AIM OF THE TASK — From the material below, please set down exactly the lines starting with the one with "ナイキ ウィメンズ ダンク" and going on through the one with "Mercedes-Benz E W211", without a single picture.

DATA EXTRACT —
======

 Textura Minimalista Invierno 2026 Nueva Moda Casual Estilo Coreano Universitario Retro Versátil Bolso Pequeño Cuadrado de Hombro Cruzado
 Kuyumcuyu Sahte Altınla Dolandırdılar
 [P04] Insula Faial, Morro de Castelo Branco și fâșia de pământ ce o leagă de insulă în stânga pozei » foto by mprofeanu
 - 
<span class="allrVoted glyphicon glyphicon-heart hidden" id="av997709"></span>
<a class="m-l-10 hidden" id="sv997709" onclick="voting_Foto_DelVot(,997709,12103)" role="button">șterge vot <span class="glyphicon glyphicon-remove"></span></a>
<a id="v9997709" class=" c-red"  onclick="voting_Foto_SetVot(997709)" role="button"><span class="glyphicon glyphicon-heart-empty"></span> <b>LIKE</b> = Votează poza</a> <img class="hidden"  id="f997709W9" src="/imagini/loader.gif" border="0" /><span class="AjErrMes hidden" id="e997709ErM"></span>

======

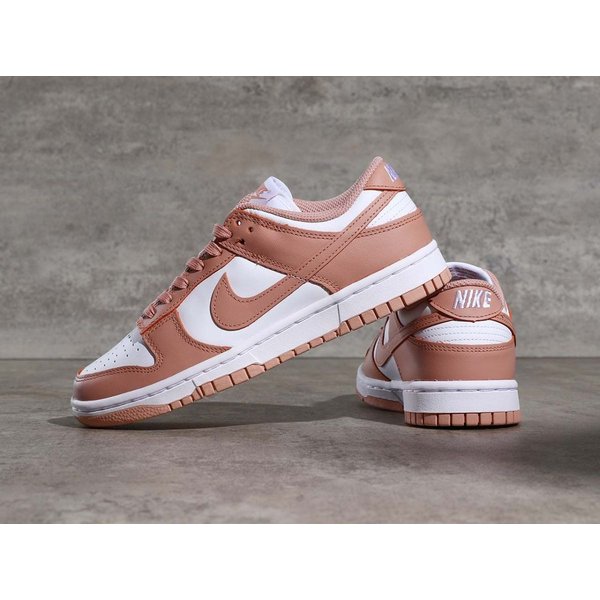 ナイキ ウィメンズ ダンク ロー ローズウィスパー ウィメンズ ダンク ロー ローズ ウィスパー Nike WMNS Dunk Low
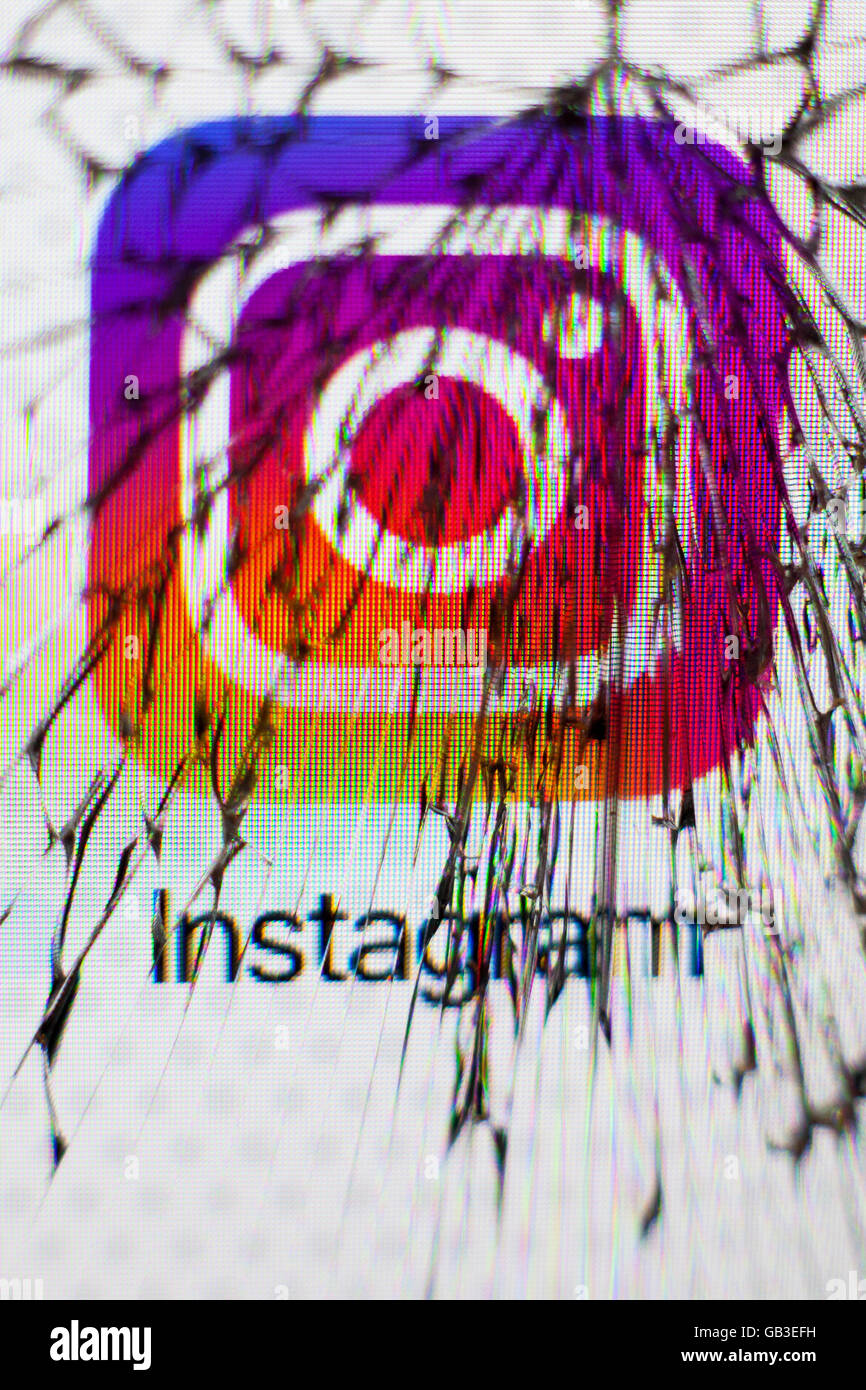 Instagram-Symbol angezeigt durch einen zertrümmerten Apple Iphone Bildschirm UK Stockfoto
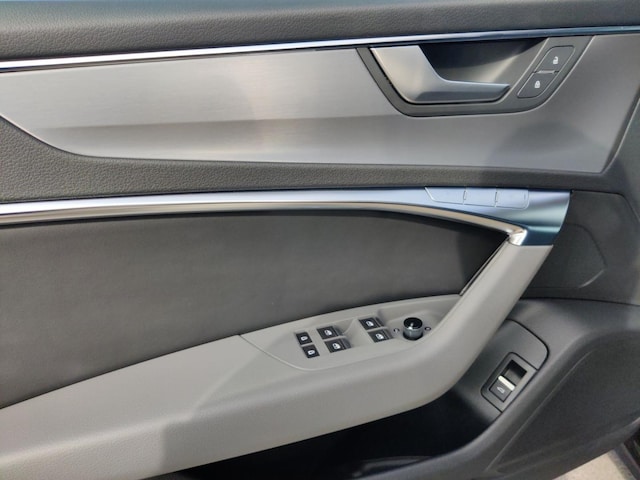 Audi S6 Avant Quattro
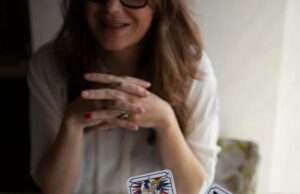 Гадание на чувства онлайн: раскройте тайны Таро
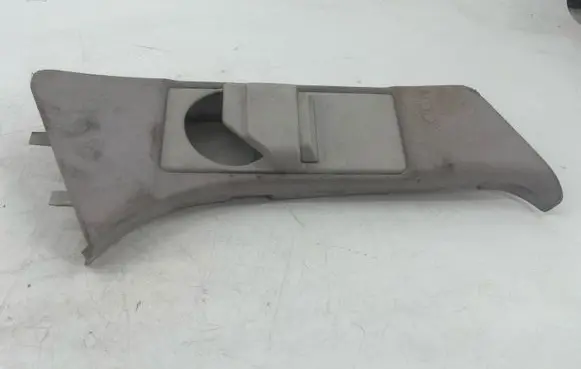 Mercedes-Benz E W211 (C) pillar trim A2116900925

======

RESPONSE —
 ナイキ ウィメンズ ダンク ロー ローズウィスパー ウィメンズ ダンク ロー ローズ ウィスパー Nike WMNS Dunk Low
 Instagram-Symbol angezeigt durch einen zertrümmerten Apple Iphone Bildschirm UK Stockfoto
 Audi S6 Avant Quattro
 Гадание на чувства онлайн: раскройте тайны Таро
 Mercedes-Benz E W211 (C) pillar trim A2116900925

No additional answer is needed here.